23 February 2014

昭和史第一部(下)(半藤一利/林錚顗)

In this second volume, the author concentrated on the early part of 1940 and all the way to 1945 when Japan surrendered after the dropping of the atomic bombs. The style of the author has been discussed in my earlier entry reviewing the first first volume of the work and has remained largely similar. In this volume, whether he meant to do it or not, the central theme is the behaviours of the policy makers and the military personnel in Japan in those years.

Starting from the late 1930s Japan has rearmed, having withdrawn from the League of Nations. They were then caught in something of a quagmire in China and while events in Europe have been increasingly dangerous, the Sino-Japanese War have been left largely as a side-event in the minds of the West. However, one can't help feeling that events in Asia have taken a life of its own. Japan increasingly felt isolated and was under pressure from the US whom exported most of the oil that Japan needed. Japan wanted to avoid conflict with the US and at the same time wanted to find a way to end the war in China for it was already beginning to take its toil domestically. Finding no support from the US, the UK and their other allies, Japan gravitated towards the Axis and finally entered into the Tripartite Pact with Germany and Italy. Japan's reason for entering the Pact (suggested by Germany) was not clear nor compelling, indeed there were those in Japan that had not supported Japan's entry into the Pact. But it appeared that those who supported it all did it for their own selfish reasons. Take this entry from Kazushige Ugaki's diary (pg 25) whom the author accused of supporting the Tripartite Pact in order to get more resources for the army. But whatever their personal motivations, one does not get the impression that something this important was seriously considered before the final decision was made.

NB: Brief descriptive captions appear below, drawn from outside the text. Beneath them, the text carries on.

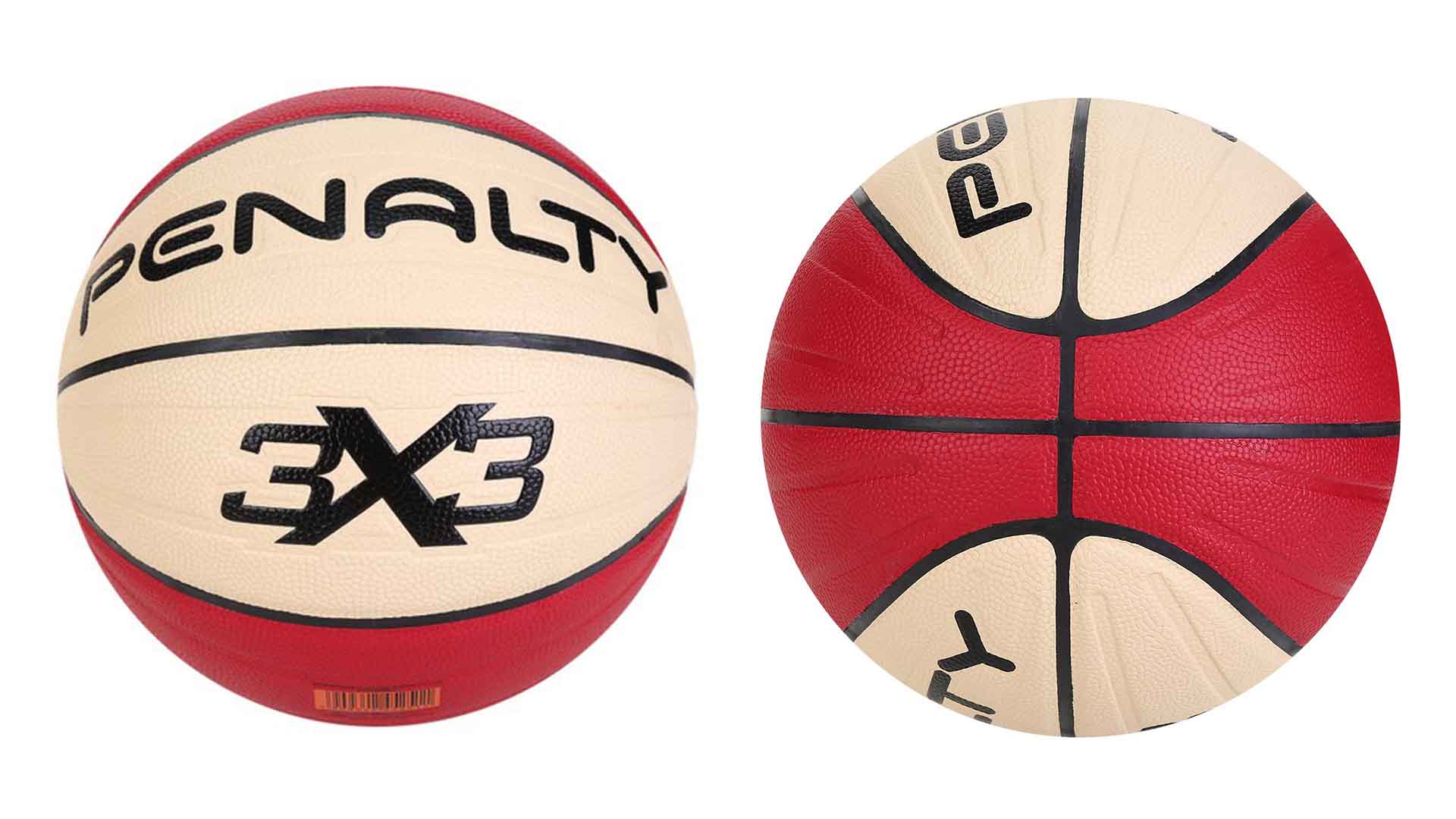 Bola de Basquete Penalty 3x3 Pro IX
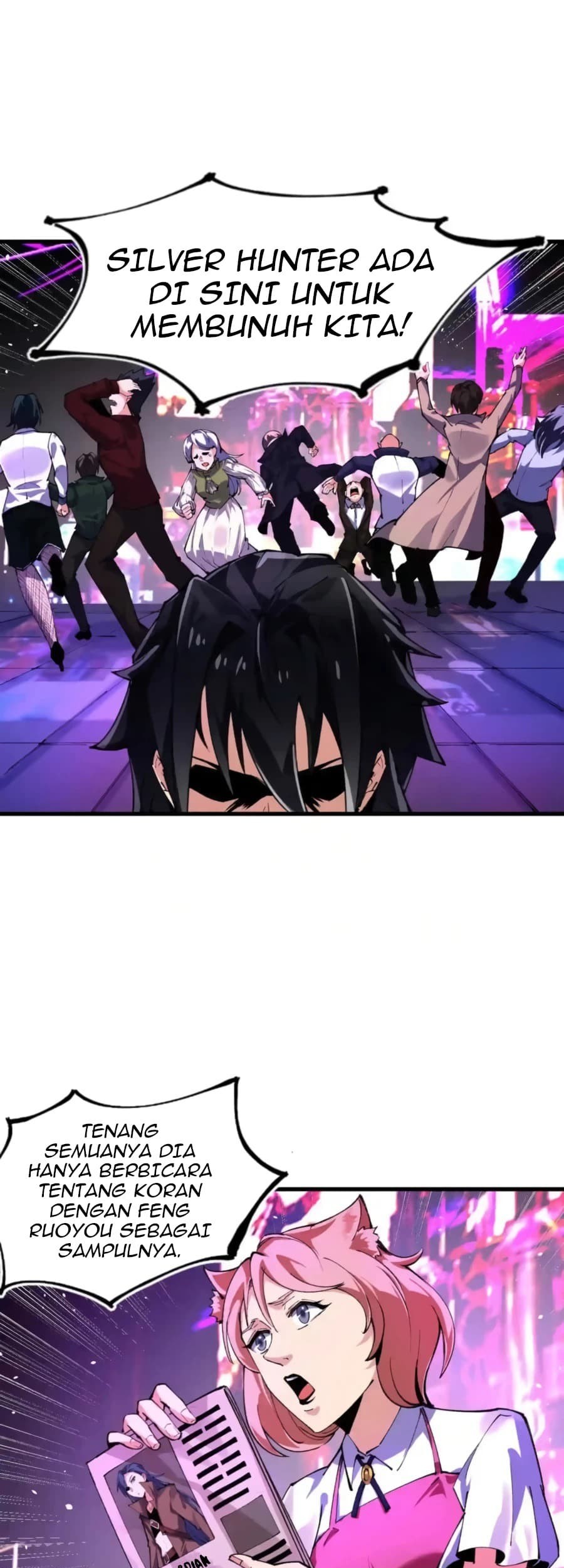 UNFORGIVABLE! Unpardonably Vicious! Chapter 38 Gambar 9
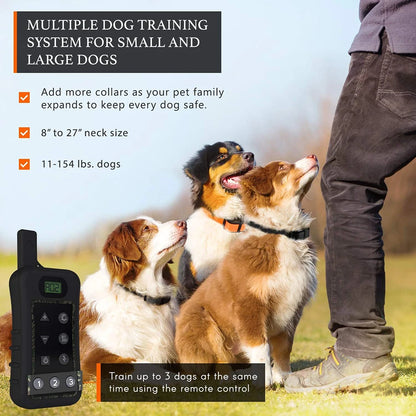 Wireless Dog Fence System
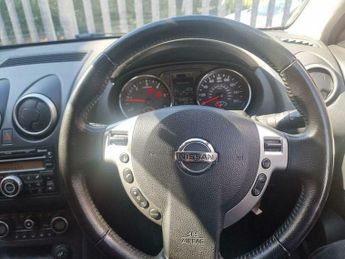 Nissan Qashqai 1.5 dCi Acenta 2WD Euro 4 5dr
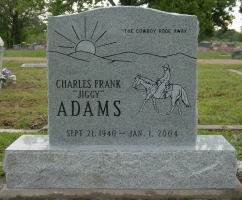Adams-Horse cropped 500prop pix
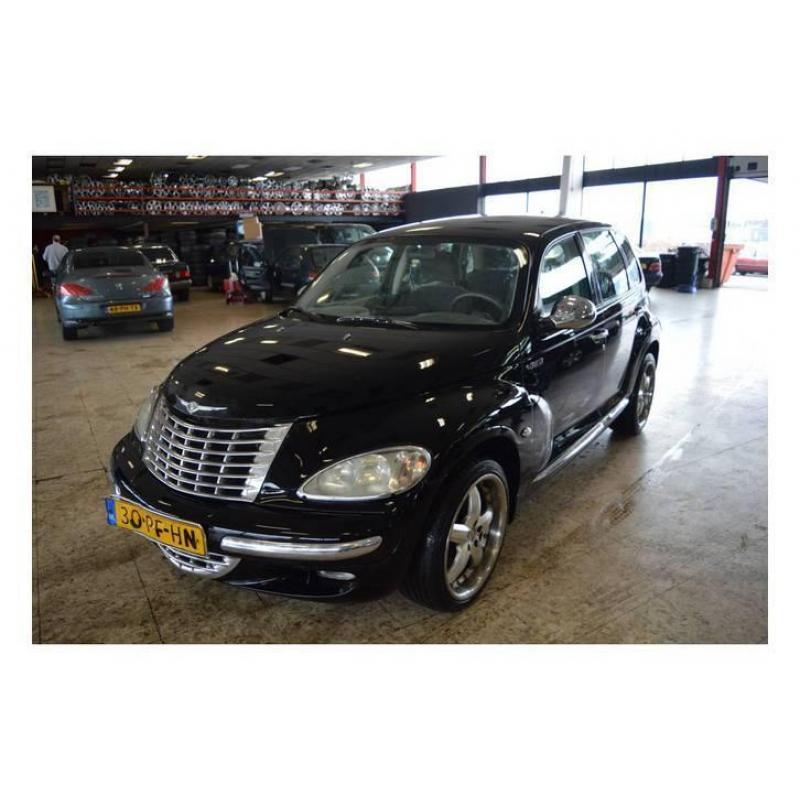 Chrysler PT Cruiser 2.2 CRD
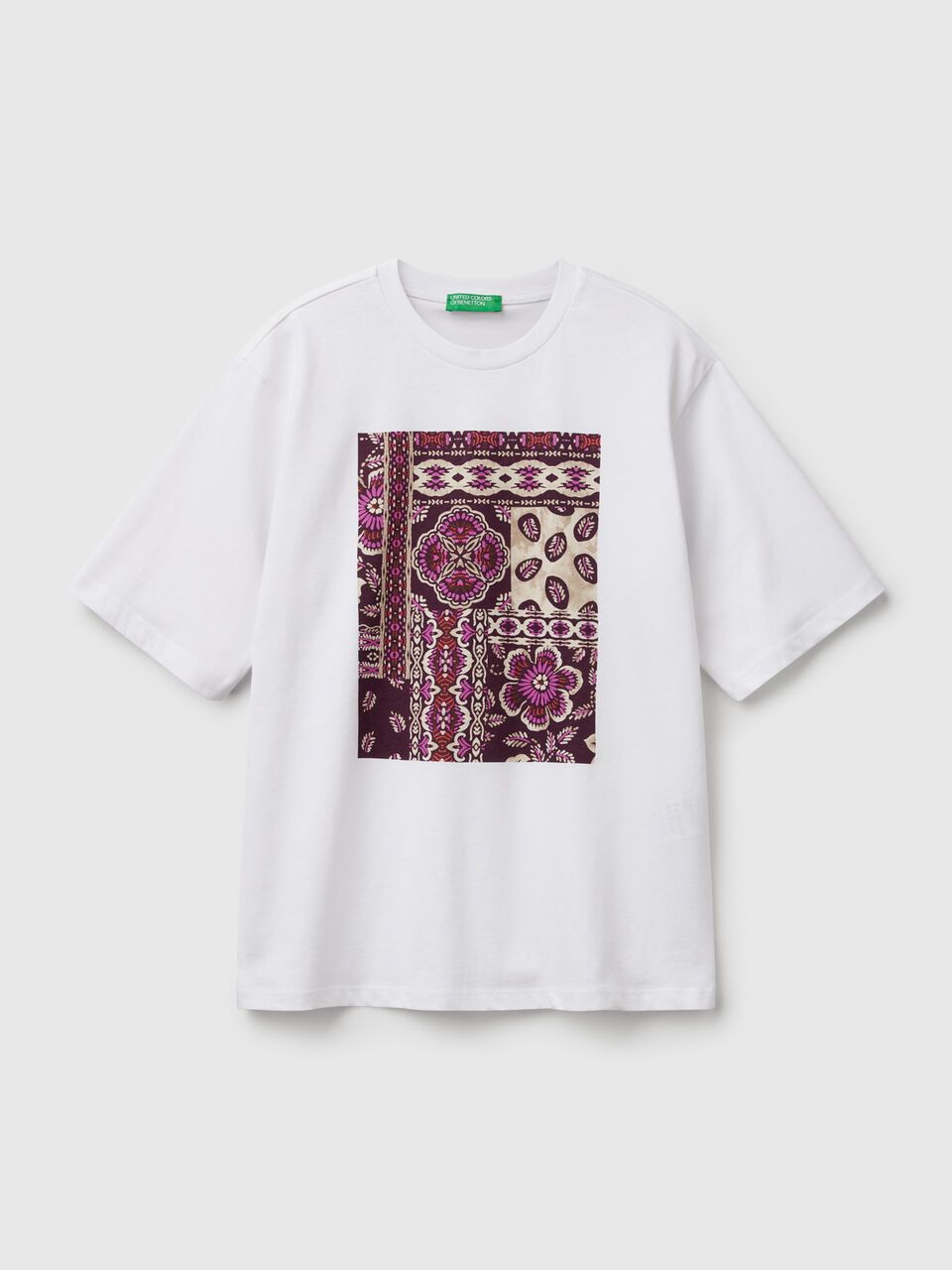 T-SHIRT Mulher image number 1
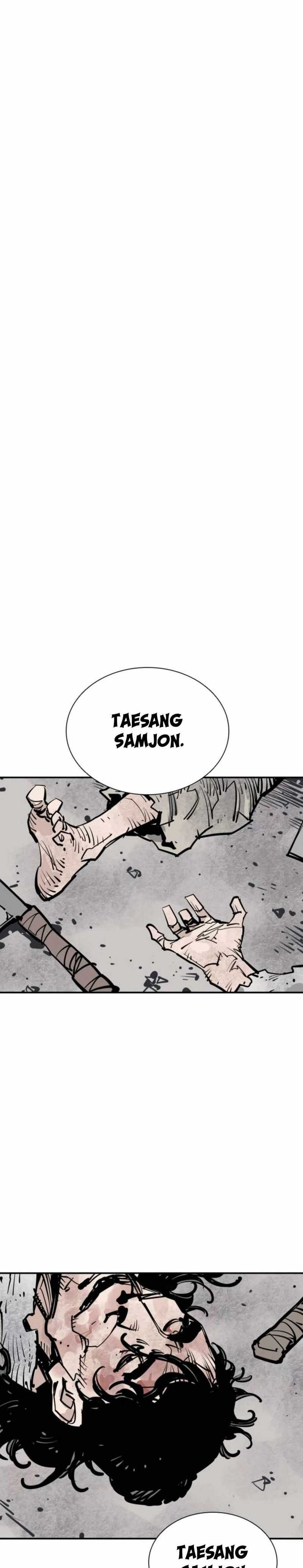 Death God Chapter 86 Halaman 27
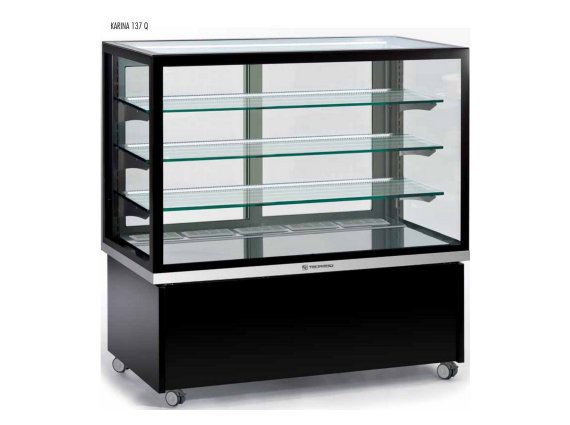 Vetrina refrigerata Karina 137 BTQ BIS +5/-18°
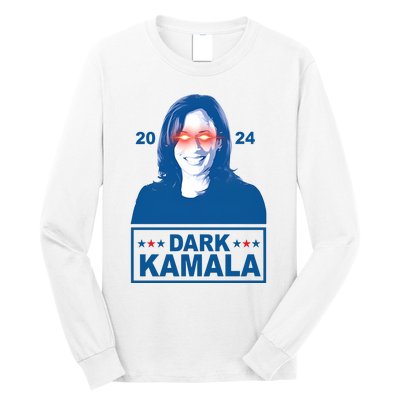 Limited Dark Kamala 2024 Long Sleeve Shirt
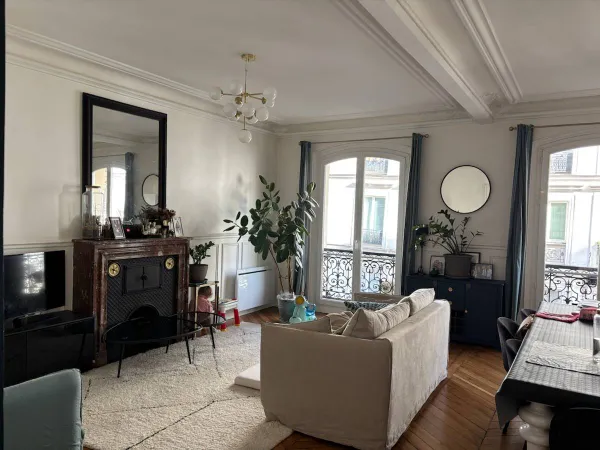 Magnifique appartement 81m² -2 ch- Village Ramey 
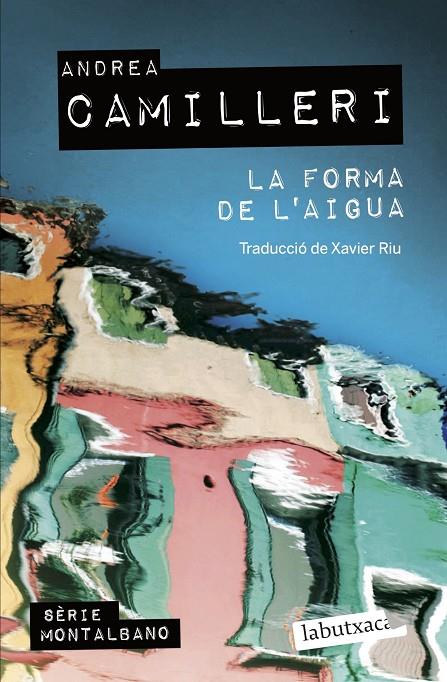 LA FORMA DE L'AIGUA | 9788419107138 | CAMILLERI, ANDREA | Llibreria Ombra | Llibreria online de Rubí, Barcelona | Comprar llibres en català i castellà online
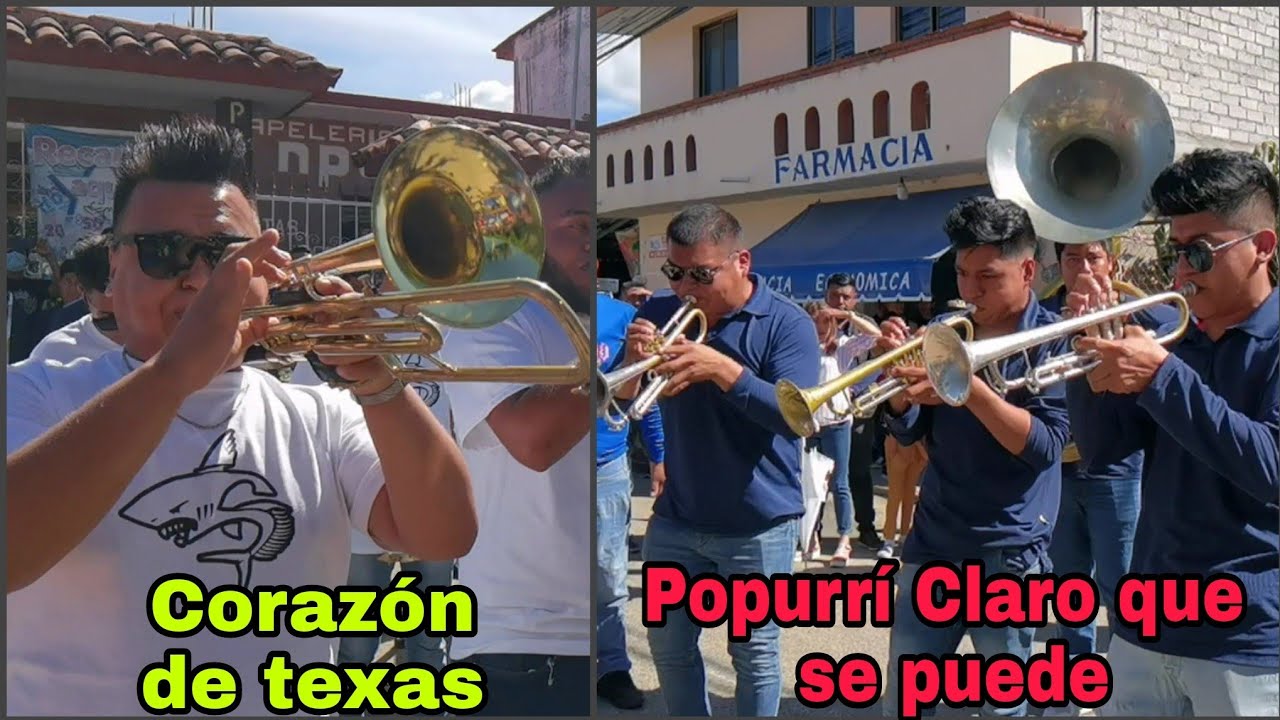 UNA Y UNA, BANDA SUPREMA DEL TIBURON & BANDA PURO SANTA ROSA, MUERTEADA NAZARENO ETLA ABAJEÑOS 2022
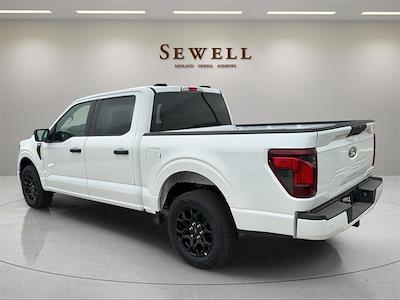 New 2025 Ford F-150 STX SuperCrew Cab Pickup for sale #551257 - photo 2
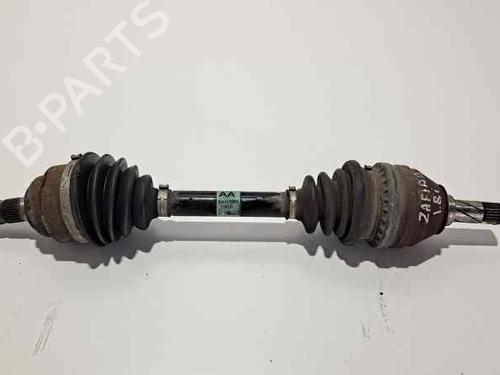 Antriebswelle links vorne für OPEL ZAFIRA A MPV (T98) 1.8 16V (F75) (125 hp) 6158624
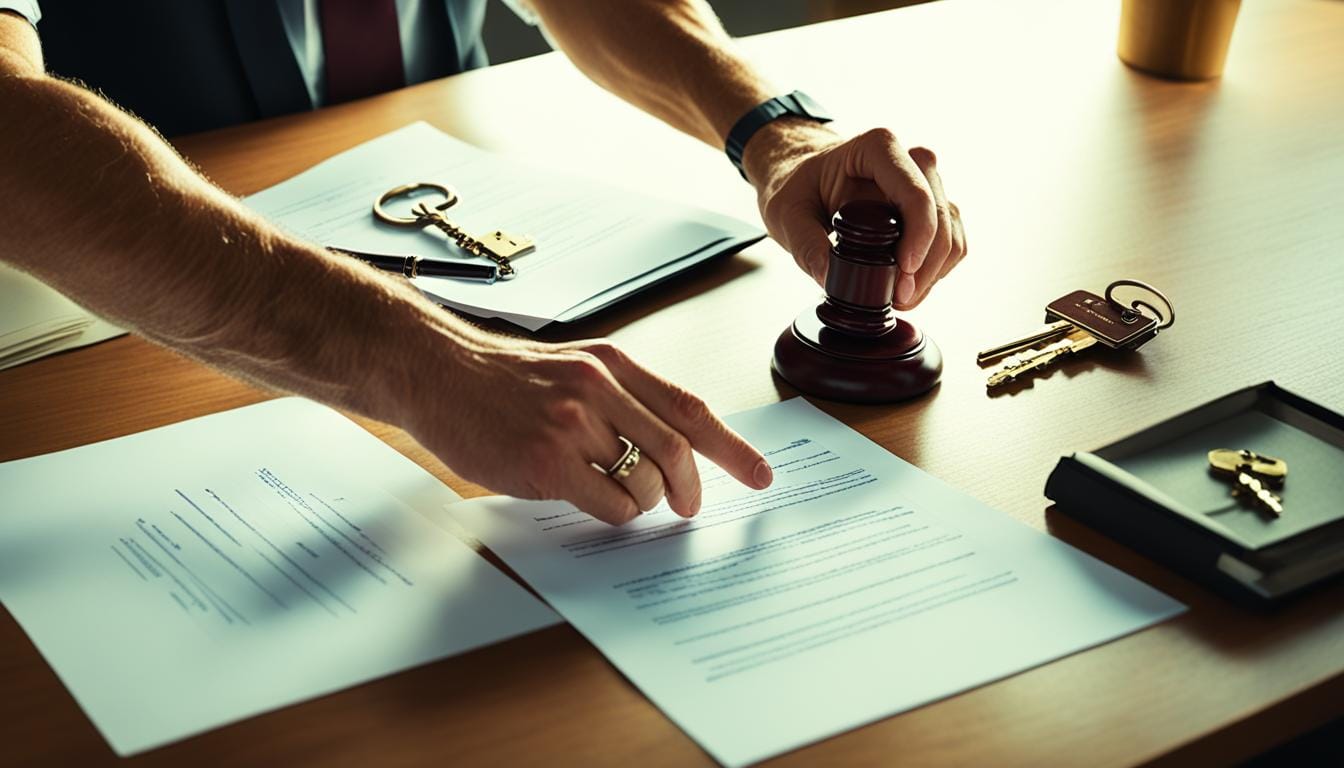 Perjanjian jual beli tanah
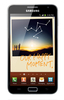 Смартфон Samsung Galaxy Note GT-N7000 Black - Зерноград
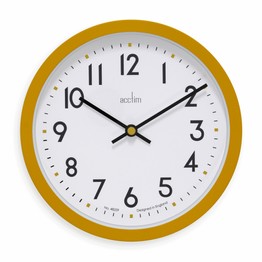 Acctim Elstow Wall Clock Dijon 22841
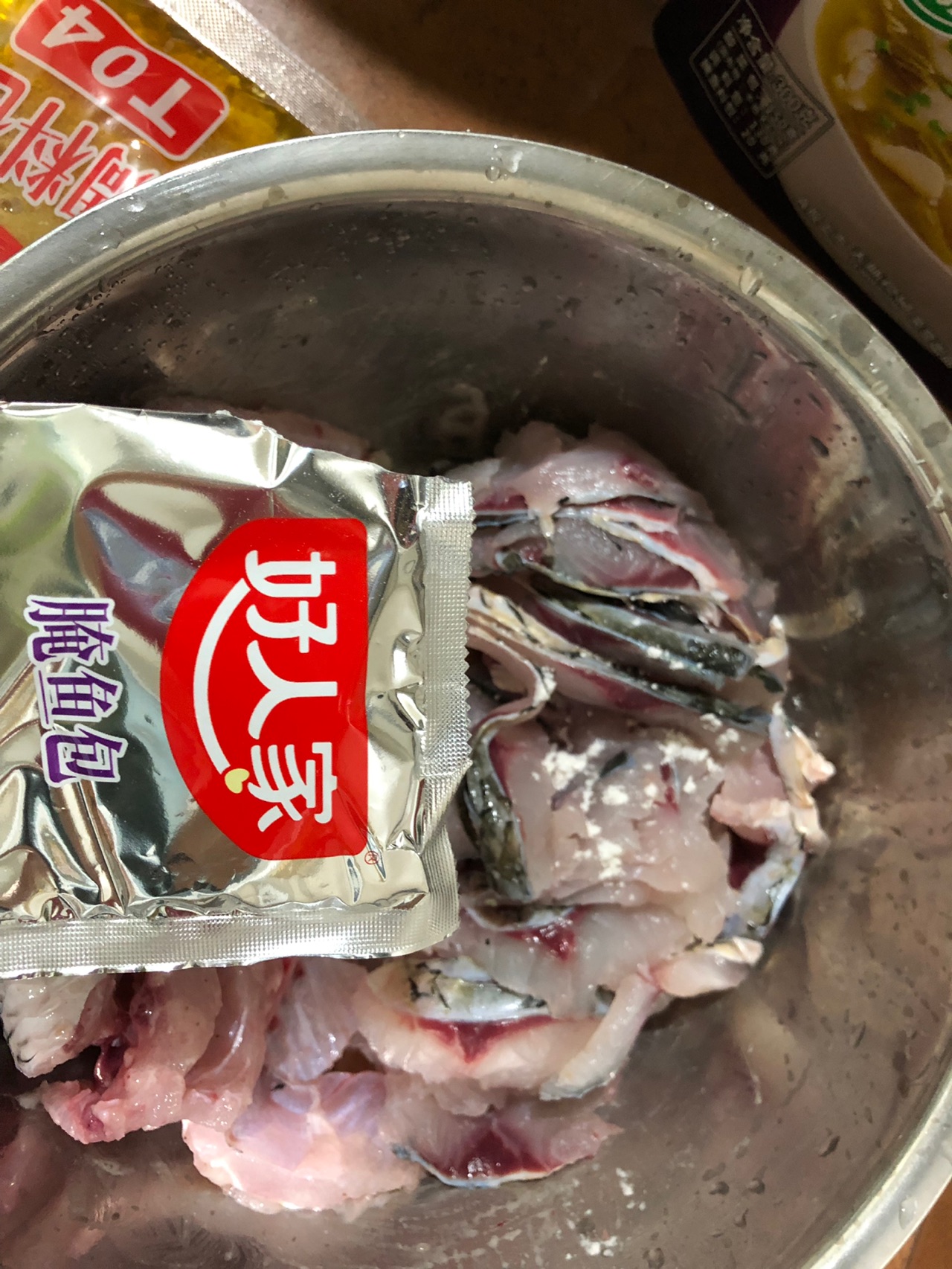 最地道的重庆酸菜鱼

Another example was how they were ready to enter into an alliance with the Soviet Union. One can argue that Japan's involvement in Manchuria was partly due to the need to check the Soviet Union. This got them into a stalemate in China which soured their relationships with much of the rest of the world, and yet later in having to continue the war in China they wanted an alliance with the Soviet Union (after Nomomhan to boot). It is a little hard to square the logic in all these.

Worse was their decision to bomb Pearl Harbor. There was almost a consensus that Japan could not have a prolonged war with the US, including the Admiral Yamamoto who planned the operation. Yet it was almost as if everyone allow one event to lead to another and just went along with it without voicing objections until it was a done deal. The worst of this behaviour would come when Japan wanted to end the war. The way they went about talking about how to go about it and never quite getting down to it was tragically comical. But the author did us a favour by discussing one relatively small event, quoting from two commanders' diaries he showed us why a coming to a decision was hard, even between (or especially between) Japanese.

Referring to the Battle of Kohima when Japan suffered a huge defeat, it appeared that the two commanders Renya Mutaguchi and Masakazu Kawabe knew they stood no chance to winning and their forces were about to be annihilated. Yet both of them would not order a retreat. Post war, this was what they wrote in their respective diaries:
  • Renya Mutaguchi: Although I wanted to say that it's already time to quit the fight in Imphal, when these words reached my mouth, I just couldn't get them out. I could only hope that someone would be able to tell from my expression.
  • Masakazu Kawabe: I got the impression from Mutaguchi's expression that there was something he wanted to say but just could not bring himself to. I didn't probe, and the meeting ended that way.
Personally I found this to be what was so valuable about the book. It is hard sometimes for us to understand how a nation tactically so superior to many of its adversaries could be so strategically blundering. However when it comes from a Japanese, who incidentally was a young lad during the war and could even remember his job in one of the torpedo factories, one gained this special insight and know, especially for an Asian, that it could very well be us.